§ **What to do**:
Print, word for word, every line from the beginning of the listing up to and including the line with "Yew-Taunton - G5". Pictures are to be excluded.
::::
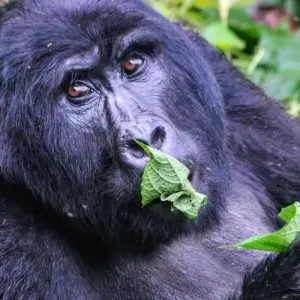 Explore Eperience Rwanda Gorilla Trekking, Mt. Bisoke Hiking (Exclusively Private) for 4 days with Devine African Safaris Ltd and discover unforgettable experiences - Photo 8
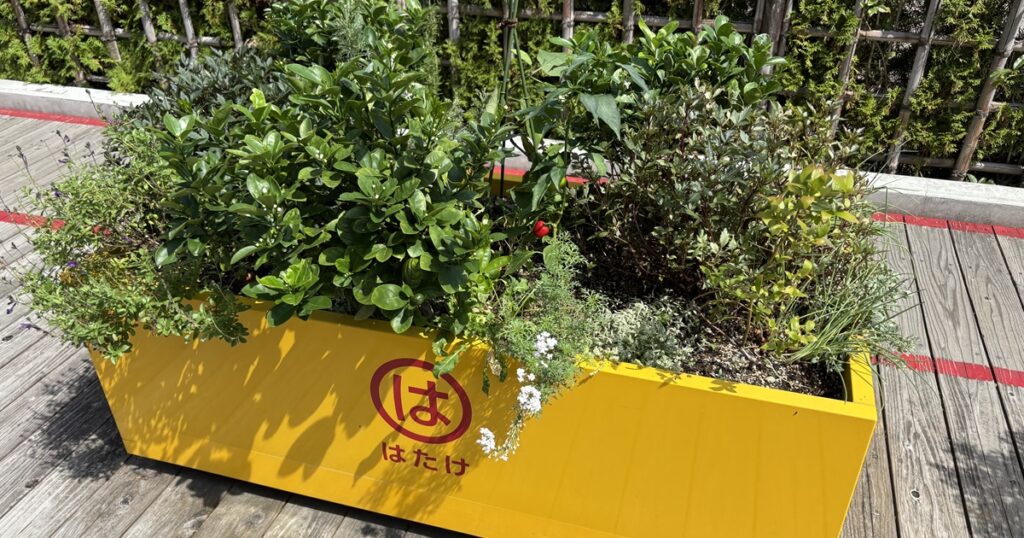 としまキッズパーク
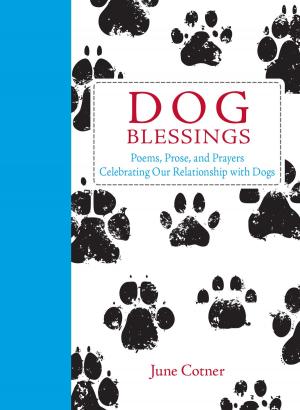 Cover of the book Dog Blessings by Molly Hahn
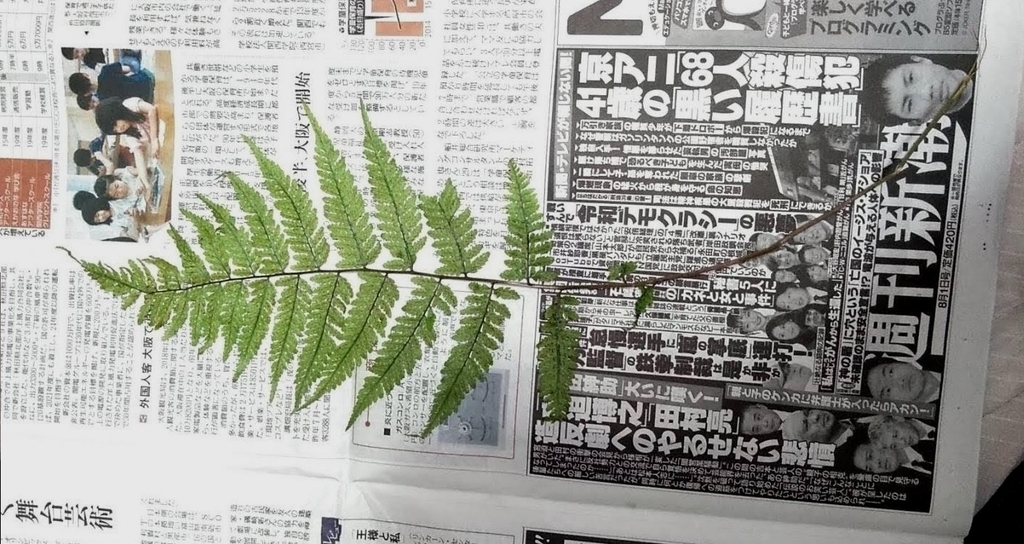 Athyrium distans (Athyrium distans)
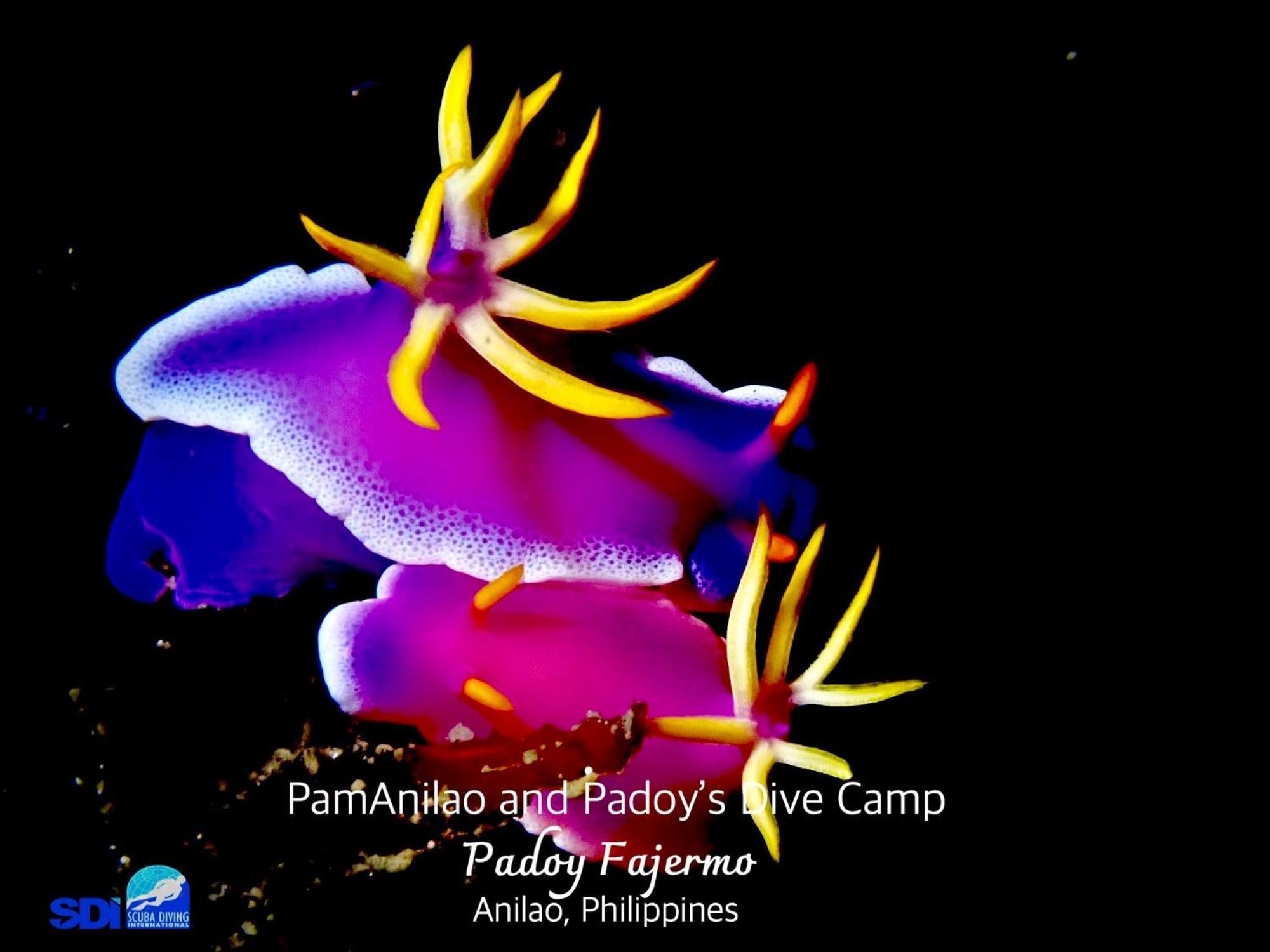 Pamanilao And Padoy'S Dive Camp Otel Batangas Dış mekan fotoğraf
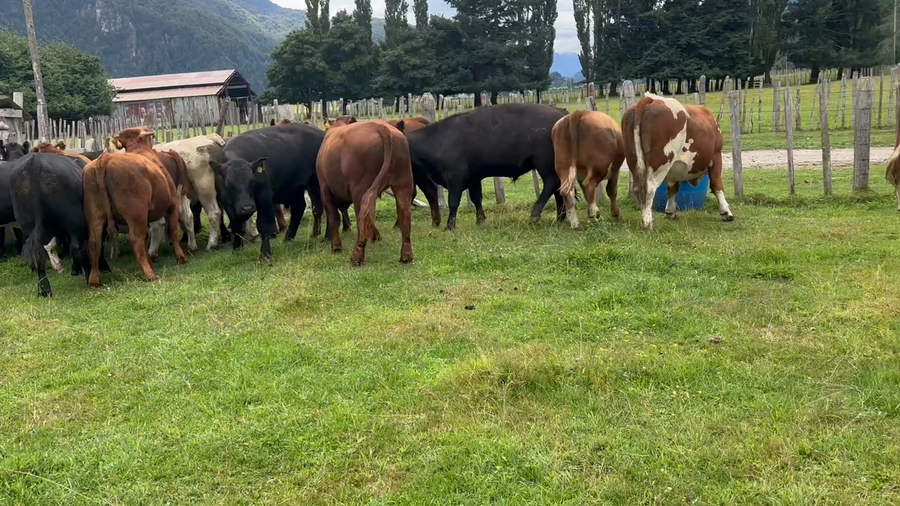 Lote 20 Novillo Engorda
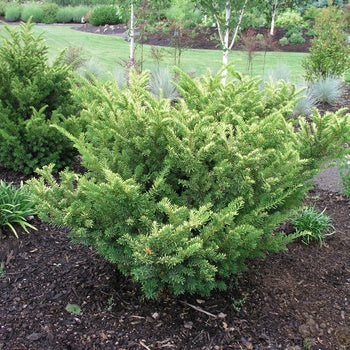 Yew-Taunton - G5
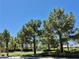 Scenic view of a well-maintained community featuring lush greenery, mature trees, and manicured lawns at 4814 Regalo Bello St, Las Vegas, NV 89135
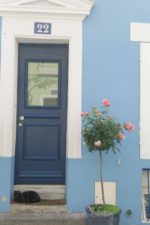 One of Rue Cremieux's feline residents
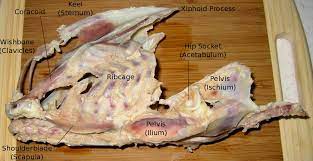 The objective of dissecting a chicken leg is to identify the muscles and there function. Mystery Organ On The Underside Of Chicken Thighs Seasoned Advice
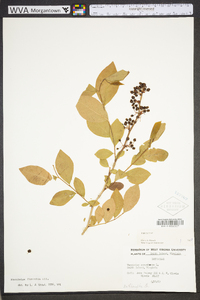 Vaccinium fuscatum image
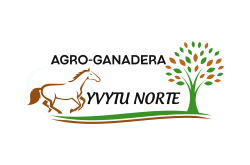 YVYTU NORTE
::::
§ **Reply**:
 Explore Eperience Rwanda Gorilla Trekking, Mt. Bisoke Hiking (Exclusively Private) for 4 days with Devine African Safaris Ltd and discover unforgettable experiences - Photo 8
 としまキッズパーク
 Cover of the book Dog Blessings by Molly Hahn
 Athyrium distans (Athyrium distans)
 Pamanilao And Padoy'S Dive Camp Otel Batangas Dış mekan fotoğraf
 Lote 20 Novillo Engorda
 Yew-Taunton - G5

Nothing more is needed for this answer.